Things won’t be getting any better. Congress gave the CFPB power to crack down on any practice deemed “abusive,” and it is free to define that term as it wishes. It need not even wait for actual abuses to take place, the CFPB has the authority to regulate anything that it believes could cause future harm.
Zywicki states bluntly: “We’ve had an onslaught of regulatory stupidity and economic illiteracy that’s virtually unprecedented in American history.”
As for payday loans, which receive much ridicule from Washington politicians, Zywicki explains that they are primarily used by those without other credit options available. Washington regulation has pushed more people to such last-resort credit. And the data shows that when payday loans are banned, there are more bounced checks and higher use of overdraft protection, which are at least, if not more, expensive than payday loans.
The more Washington tinkers with credit markets, the more problems it creates.
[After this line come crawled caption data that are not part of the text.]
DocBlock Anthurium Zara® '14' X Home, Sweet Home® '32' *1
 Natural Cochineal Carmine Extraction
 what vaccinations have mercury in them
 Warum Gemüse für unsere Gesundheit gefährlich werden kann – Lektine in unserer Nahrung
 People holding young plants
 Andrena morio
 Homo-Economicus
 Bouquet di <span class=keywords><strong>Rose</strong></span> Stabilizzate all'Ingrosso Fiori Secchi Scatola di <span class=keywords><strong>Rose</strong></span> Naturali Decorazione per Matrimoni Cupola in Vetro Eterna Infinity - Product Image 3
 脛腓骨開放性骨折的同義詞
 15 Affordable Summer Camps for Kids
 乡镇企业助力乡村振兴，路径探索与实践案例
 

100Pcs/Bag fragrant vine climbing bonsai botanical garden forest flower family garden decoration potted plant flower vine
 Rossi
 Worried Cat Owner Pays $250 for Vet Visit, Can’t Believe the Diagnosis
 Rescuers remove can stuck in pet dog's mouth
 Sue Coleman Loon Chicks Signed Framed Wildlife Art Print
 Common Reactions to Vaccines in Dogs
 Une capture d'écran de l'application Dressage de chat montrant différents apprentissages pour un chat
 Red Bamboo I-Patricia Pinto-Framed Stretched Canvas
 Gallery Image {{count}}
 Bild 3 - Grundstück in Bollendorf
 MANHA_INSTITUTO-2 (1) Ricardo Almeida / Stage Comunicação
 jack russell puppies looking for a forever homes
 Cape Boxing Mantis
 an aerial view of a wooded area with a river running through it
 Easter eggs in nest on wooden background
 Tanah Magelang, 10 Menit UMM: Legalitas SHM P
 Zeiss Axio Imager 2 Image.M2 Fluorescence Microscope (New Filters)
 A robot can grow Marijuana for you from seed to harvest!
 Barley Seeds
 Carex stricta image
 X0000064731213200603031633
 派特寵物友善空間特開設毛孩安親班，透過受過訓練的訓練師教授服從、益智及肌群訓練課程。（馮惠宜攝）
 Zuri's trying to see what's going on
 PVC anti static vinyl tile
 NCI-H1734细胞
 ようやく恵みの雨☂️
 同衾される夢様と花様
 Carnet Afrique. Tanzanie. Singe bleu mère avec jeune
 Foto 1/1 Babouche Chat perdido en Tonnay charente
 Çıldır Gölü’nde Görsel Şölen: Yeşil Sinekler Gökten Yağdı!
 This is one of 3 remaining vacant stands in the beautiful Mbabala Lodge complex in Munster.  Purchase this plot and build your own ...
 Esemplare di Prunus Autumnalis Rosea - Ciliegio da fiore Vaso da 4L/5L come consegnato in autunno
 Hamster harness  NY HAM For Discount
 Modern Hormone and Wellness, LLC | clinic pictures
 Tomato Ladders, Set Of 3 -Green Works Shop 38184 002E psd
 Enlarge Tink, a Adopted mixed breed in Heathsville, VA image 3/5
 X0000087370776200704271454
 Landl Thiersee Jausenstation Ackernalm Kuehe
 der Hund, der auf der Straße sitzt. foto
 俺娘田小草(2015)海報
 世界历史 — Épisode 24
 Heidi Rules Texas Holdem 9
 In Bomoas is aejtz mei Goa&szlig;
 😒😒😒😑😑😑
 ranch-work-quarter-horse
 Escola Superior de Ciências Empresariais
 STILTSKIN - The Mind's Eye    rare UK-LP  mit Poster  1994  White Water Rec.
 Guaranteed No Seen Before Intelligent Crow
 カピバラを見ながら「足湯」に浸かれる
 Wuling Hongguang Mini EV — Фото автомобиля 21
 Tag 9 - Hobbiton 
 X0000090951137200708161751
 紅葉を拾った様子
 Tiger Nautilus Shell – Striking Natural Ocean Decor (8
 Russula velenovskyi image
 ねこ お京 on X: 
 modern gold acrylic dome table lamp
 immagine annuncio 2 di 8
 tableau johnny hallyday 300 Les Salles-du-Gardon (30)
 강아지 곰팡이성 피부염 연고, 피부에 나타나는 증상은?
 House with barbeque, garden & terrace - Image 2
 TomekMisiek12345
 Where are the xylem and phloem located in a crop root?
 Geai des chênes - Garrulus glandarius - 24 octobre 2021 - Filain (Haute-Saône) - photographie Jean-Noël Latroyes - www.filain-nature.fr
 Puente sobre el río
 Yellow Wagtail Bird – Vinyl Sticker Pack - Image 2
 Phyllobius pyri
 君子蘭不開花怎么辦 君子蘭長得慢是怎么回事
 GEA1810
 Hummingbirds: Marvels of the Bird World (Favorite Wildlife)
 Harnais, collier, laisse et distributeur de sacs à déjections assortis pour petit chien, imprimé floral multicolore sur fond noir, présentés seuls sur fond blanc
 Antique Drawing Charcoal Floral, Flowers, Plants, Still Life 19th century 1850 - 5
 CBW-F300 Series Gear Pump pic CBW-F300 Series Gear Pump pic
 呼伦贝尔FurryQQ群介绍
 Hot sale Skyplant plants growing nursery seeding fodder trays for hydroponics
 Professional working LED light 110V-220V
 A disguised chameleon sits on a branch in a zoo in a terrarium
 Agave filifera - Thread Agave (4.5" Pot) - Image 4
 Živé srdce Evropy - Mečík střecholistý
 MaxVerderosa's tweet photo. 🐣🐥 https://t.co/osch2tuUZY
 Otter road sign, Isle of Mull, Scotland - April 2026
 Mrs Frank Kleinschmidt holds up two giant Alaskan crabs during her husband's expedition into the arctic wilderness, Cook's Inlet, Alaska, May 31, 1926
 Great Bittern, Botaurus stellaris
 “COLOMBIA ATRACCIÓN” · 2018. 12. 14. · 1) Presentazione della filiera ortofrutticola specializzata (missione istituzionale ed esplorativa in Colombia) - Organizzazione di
The housing bubble originated with market distortions in Washington. And consider Washington’s attempts to increase access to student loans. This has further driven up the costs of a college education and—some worry—created another bubble.
The best course of action is for Washington to make sure the financial industry is fully transparent and upfront with consumers on the costs and risks of certain products. Fraud and other attempts to deceive consumers must be prosecuted. But consumers, who have already proven they understand credit better than Washington, should be free to make their own fully-informed choices.